Hot, Dry Weather Helps Grapes Thrive

By Lauren Wanko

Under the hot sun, countless grape clusters dangle on the vines at 4JG’s Orchards and Vineyards.

“They’ve been smiling all week. While we had a couple of days, couple of weeks of rain, they like it high and dry,” said vineyard owner Janet Giunco.

While many of us have been trying to avoid the heat, 4JG’s grapes are thriving.

“Sunshine is good. You have to work with humidity because grapes can get a little mold on them so we have to be very careful with that, but they like a lot of sunshine,” Giunco said.

About 40,000 vines cover 40 acres of the Colts Neck family-operated vineyard.

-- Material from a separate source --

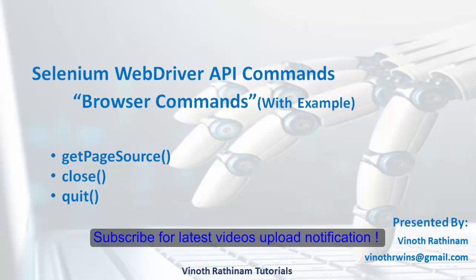Hello everyone, welcome to Vinod Rathenam Tutorials. Today we are going to learn about Selenium WebDriver API commands for browser.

They grow seven different varieties here.

“When I got my license in 1997, I was the 17th Winery to get a license there are well over 50 today,” Giunco said.

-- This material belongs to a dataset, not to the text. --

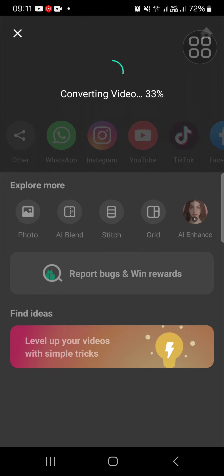All right guys, and that's how to export video in 4K quality on InShot. I hope this tutorial will be useful for you.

Giunco says the cold, long winter resulted in a late bud break, which is why this stretch of hot, dry weather is so important.

“Bud break is the plant waking up after its dormancy in the wintertime, usually about the last week of April. Here in Monmouth County we get a little shoot of leaves and then about week later they’ll get a little tiny flower. That flower becomes the cluster,” she said.

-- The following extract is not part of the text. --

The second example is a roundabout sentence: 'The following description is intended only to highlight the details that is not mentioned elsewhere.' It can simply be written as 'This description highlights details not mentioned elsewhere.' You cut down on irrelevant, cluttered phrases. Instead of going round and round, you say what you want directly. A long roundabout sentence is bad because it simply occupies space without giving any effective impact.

The cluster of grapes grows throughout June and July says Giunco.

“They all look like little green marbles right now. We have not been through Veraison. Veraison actually starts our third phase of the growing season where the grape gets more plump, starts to retain its sugars and turns its natural or final color,” she explained.

The team will continue to test the grapes every day.

“Basically what we test are for three things — the brix which are the sugar count, the pH and the acid levels for each particular plant and each particular variety there’s a certain number we need to get to in those three counts when they get there we know we’re pretty close,” Giunco said.

There are 40 to 45 days of growth left for the white grapes. Giunco needs about 20 days of great weather to ensure they’re ready for the harvest, which typically begins at 4JG Winery in early September. The staff hand pick each cluster carefully so they don’t crack open. Then they start making the wine.

“It starts as soon as we pick those grapes. They start getting crushed and fermented so it happens right away,” said Craig Donofrio.

The Garden State Wine Growers Association tells NJTV News last year’s harvest period featured ideal conditions — warm and dry — and the white wines of the 2014 vintage are strong statewide. The reds, largely yet to be released, show great promise too.

“This year is heading down the same path. I think we’re gonna have another terrific year,” Giunco said.